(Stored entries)
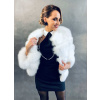 Max Original Leather Dámsky kožuch líška RAINETTE short white (XL 50-52) - White - XL
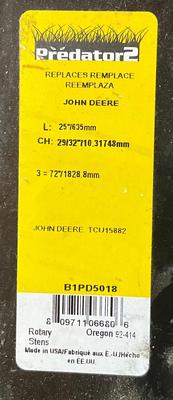 Predator2 John Deer mower blades
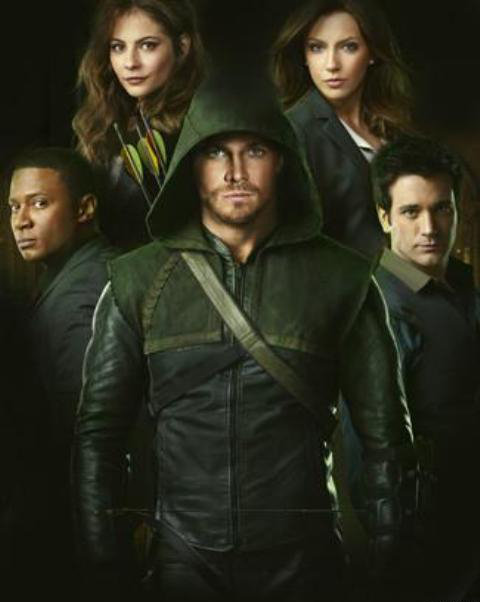 Fotoğraf David Ramsey, Willa Holland, Katie Cassidy, Stephen Amell, Colin Donnell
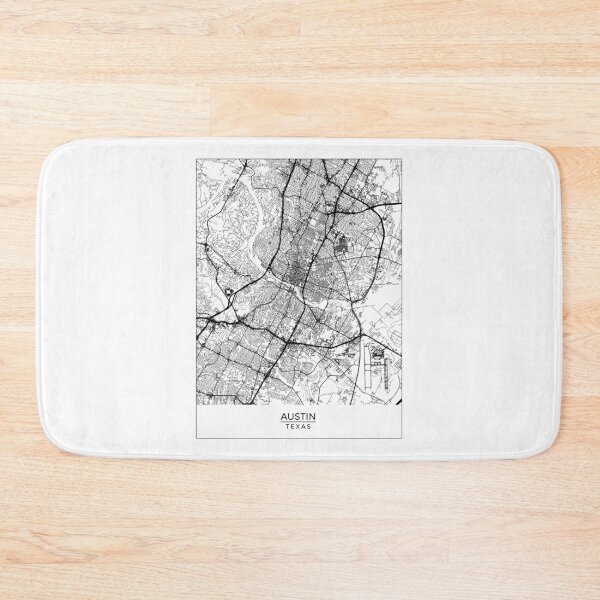 Item preview, Austin, Texas Map Art (White) designed and sold by HawkstoneDesign.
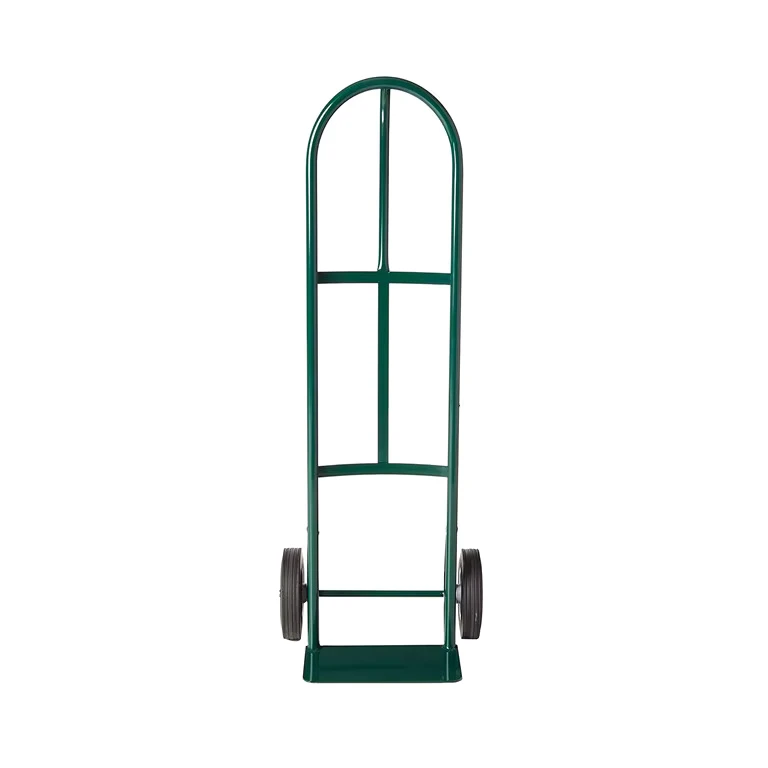 BKB85 600 lb P Handle with Solid Rubber Wheels Hand Truck Green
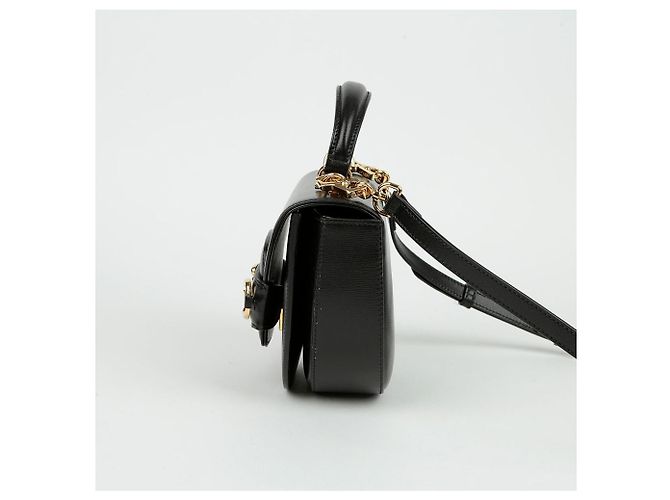 Gucci Borsa mini a mano Horsebit con manico e tracolla Nero - vista 5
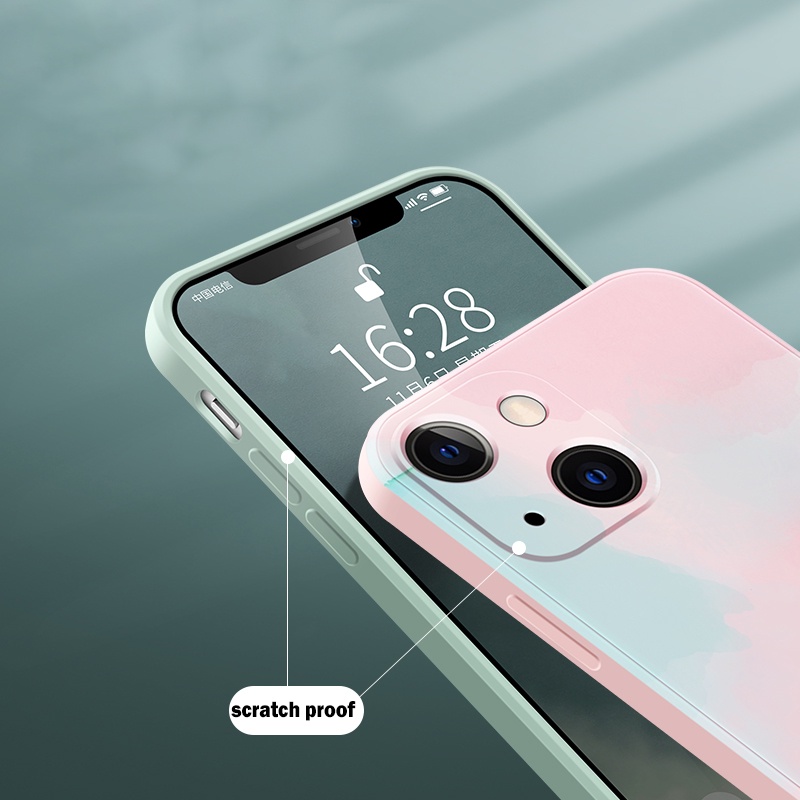 Ốp điện thoại silicon mềm nhiều màu sắc bảo vệ ống kính cho iphone 13 Pro Max 13 Pro Phone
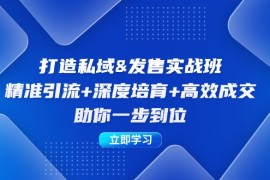 （12642期）打造私域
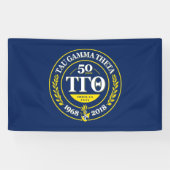 Tau Gamma Theta 3x5 Banner - 50e Jubileum (Horizontaal)
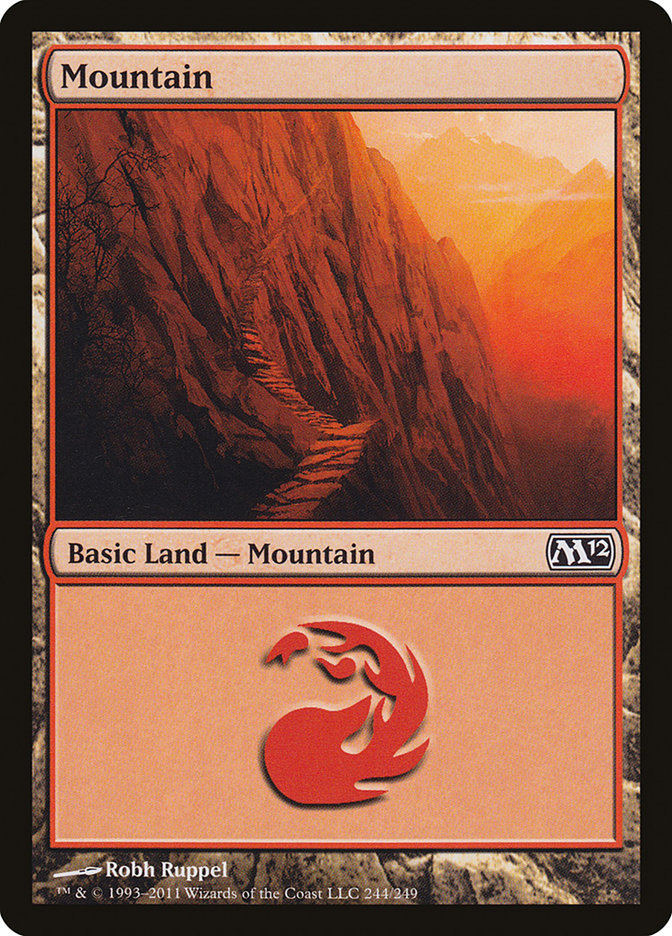 Mountain (244) [Magic 2012] | Deep Dive Games St. Marys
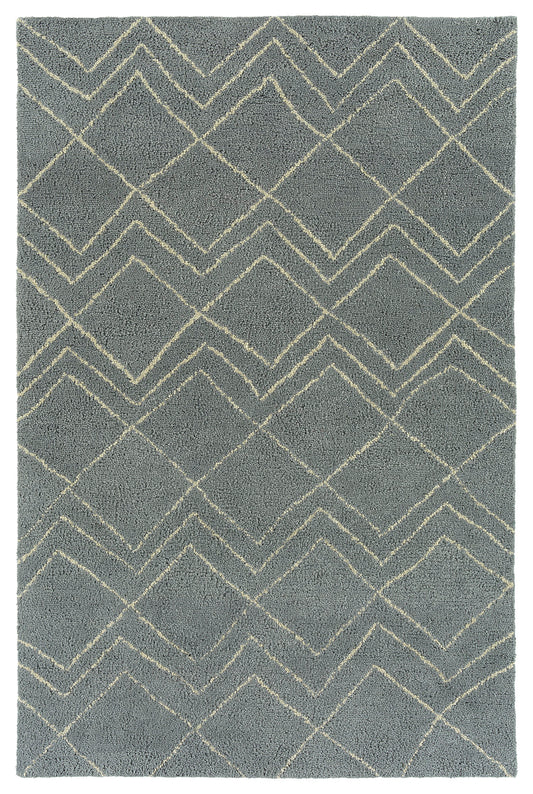 Kaleen Micha Collection Light Grey Area Rug 8' x 10'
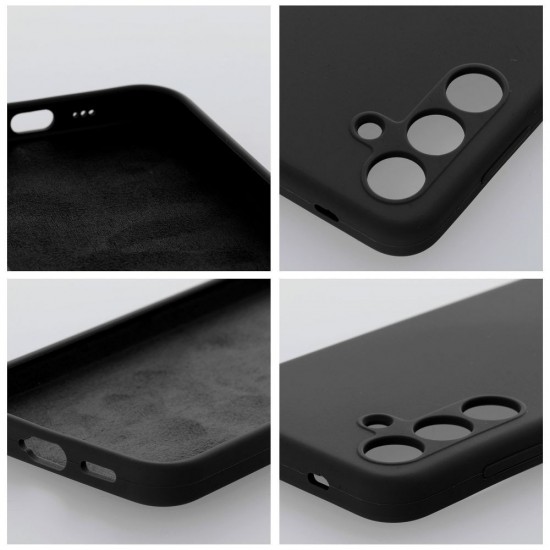 Samsung S25 Edge Silicone 2mm Black Кейс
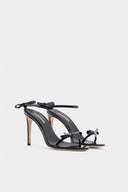 Sandale DSQUARED2, Bow Heeled Sandals, Negru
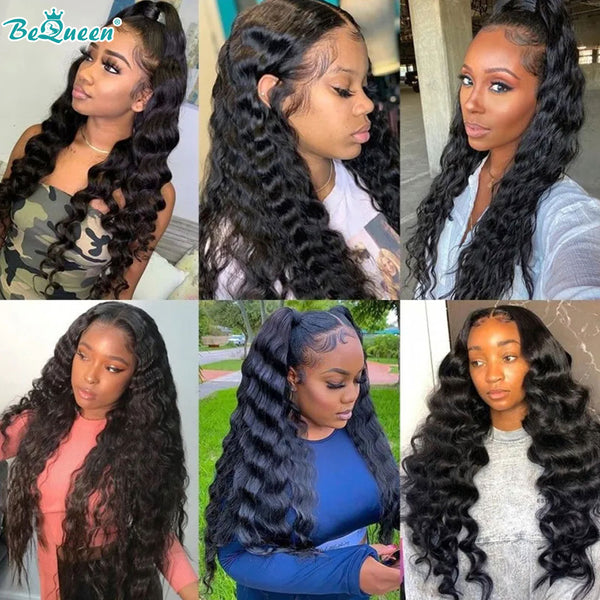BEQUEEN Undetectable HD Natural Wave 13x4 Lace Frontal Wig 100% Human Hair Wig BeQueenWig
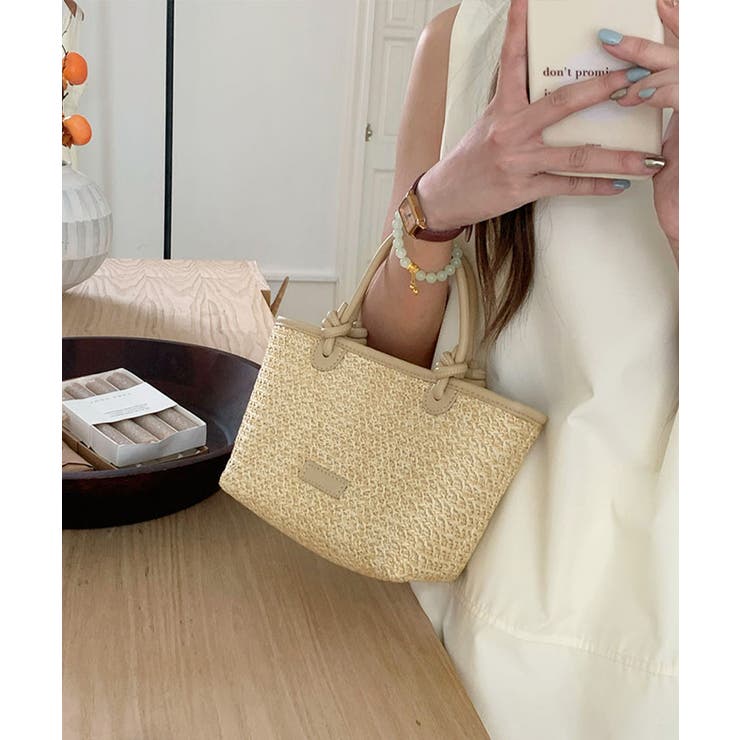 ベージュ | ミニカゴバッグ ショルダーバッグ ミニ鞄 | SUNSHINE CLOSET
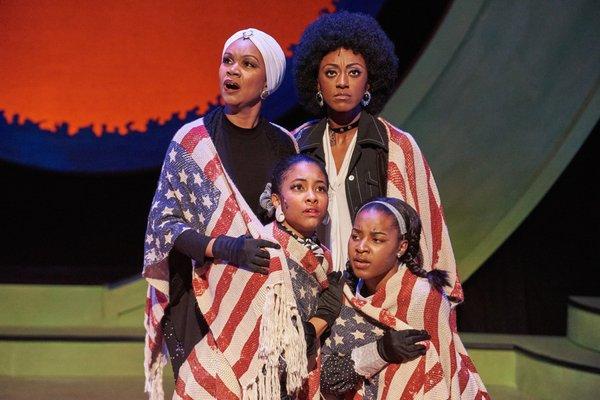 Simply Simone. Chani Maisonet (bottom left), Chelsea Reynolds (bottom right), Marliss Amiea (top left) and Tina Fears (top right)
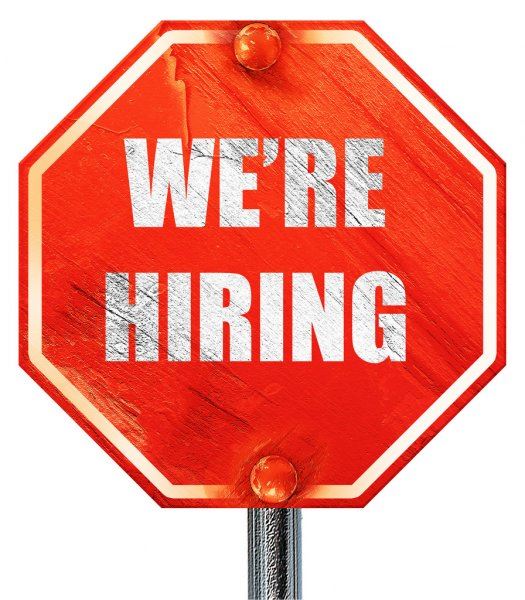 We're Hiring Sign 2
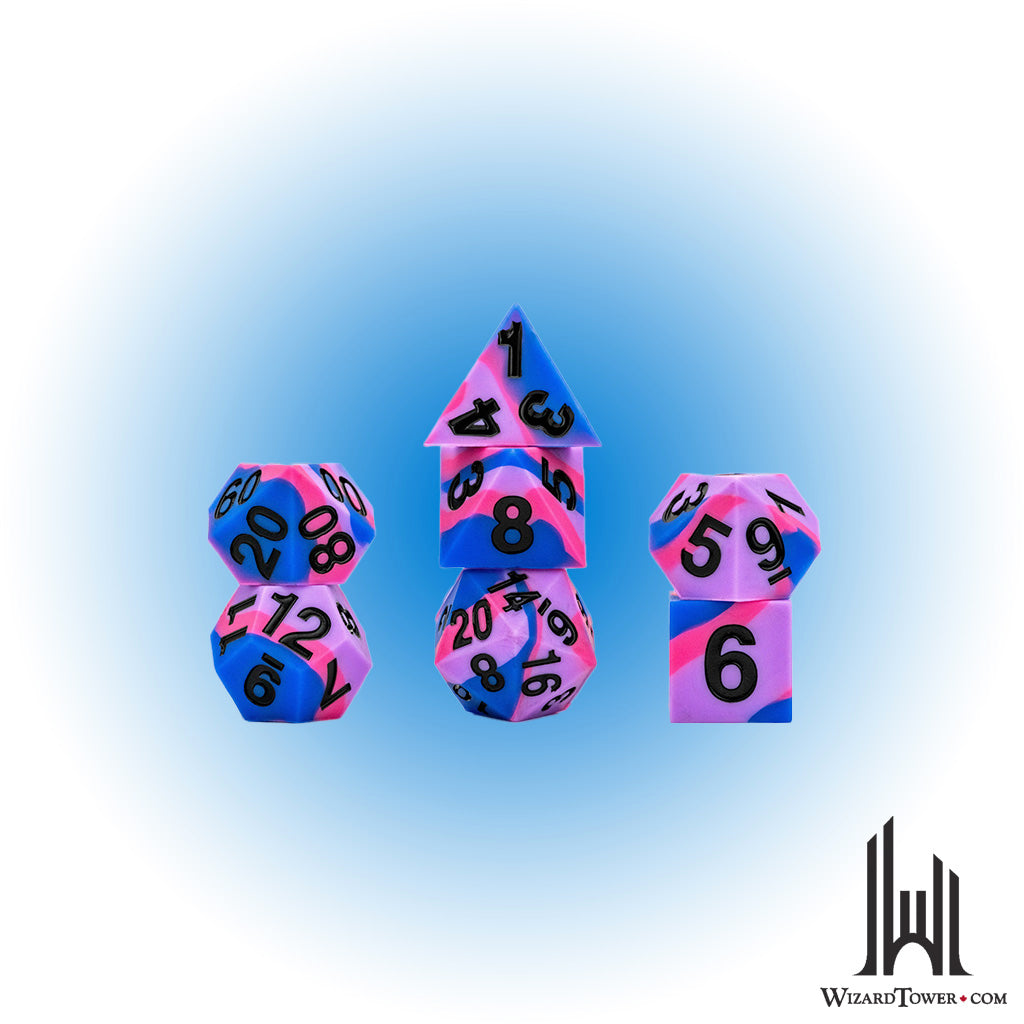 Dice Set - Silicone Pride Bisexual 7ct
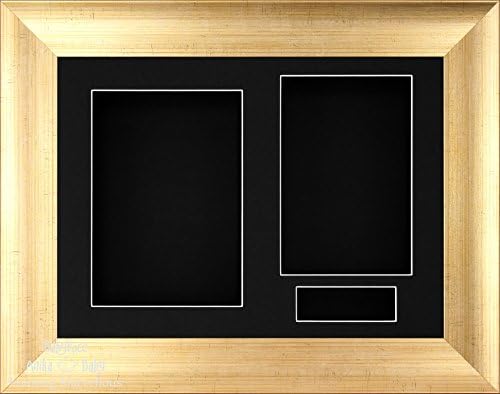 BabyRice 11.5x8. 5 Antik Altın 3D Ekran Çerçevesi / 3 Delikli Siyah Montaj
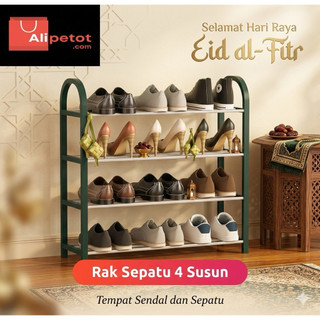 Rak Sepatu 4 susun/rak sandal 4 Tingkat Plastik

**TASK TO CARRY OUT:** Write out each record exactly as shown, but not its pictures.

**SOLUTION TO THIS TASK:**
 Max Original Leather Dámsky kožuch líška RAINETTE short white (XL 50-52) - White - XL
 Predator2 John Deer mower blades
 Fotoğraf David Ramsey, Willa Holland, Katie Cassidy, Stephen Amell, Colin Donnell
 Item preview, Austin, Texas Map Art (White) designed and sold by HawkstoneDesign.
 BKB85 600 lb P Handle with Solid Rubber Wheels Hand Truck Green
 Gucci Borsa mini a mano Horsebit con manico e tracolla Nero - vista 5
 Ốp điện thoại silicon mềm nhiều màu sắc bảo vệ ống kính cho iphone 13 Pro Max 13 Pro Phone
 （12642期）打造私域
 Tau Gamma Theta 3x5 Banner - 50e Jubileum (Horizontaal)
 Mountain (244) [Magic 2012] | Deep Dive Games St. Marys
 Kaleen Micha Collection Light Grey Area Rug 8' x 10'
 Samsung S25 Edge Silicone 2mm Black Кейс
 Sandale DSQUARED2, Bow Heeled Sandals, Negru
BEQUEEN Undetectable HD Natural Wave 13x4 Lace Frontal Wig 100% Human Hair Wig BeQueenWig
 ベージュ | ミニカゴバッグ ショルダーバッグ ミニ鞄 | SUNSHINE CLOSET
 Simply Simone. Chani Maisonet (bottom left), Chelsea Reynolds (bottom right), Marliss Amiea (top left) and Tina Fears (top right)
 We're Hiring Sign 2
 Dice Set - Silicone Pride Bisexual 7ct
 BabyRice 11.5x8. 5 Antik Altın 3D Ekran Çerçevesi / 3 Delikli Siyah Montaj
 Rak Sepatu 4 susun/rak sandal 4 Tingkat Plastik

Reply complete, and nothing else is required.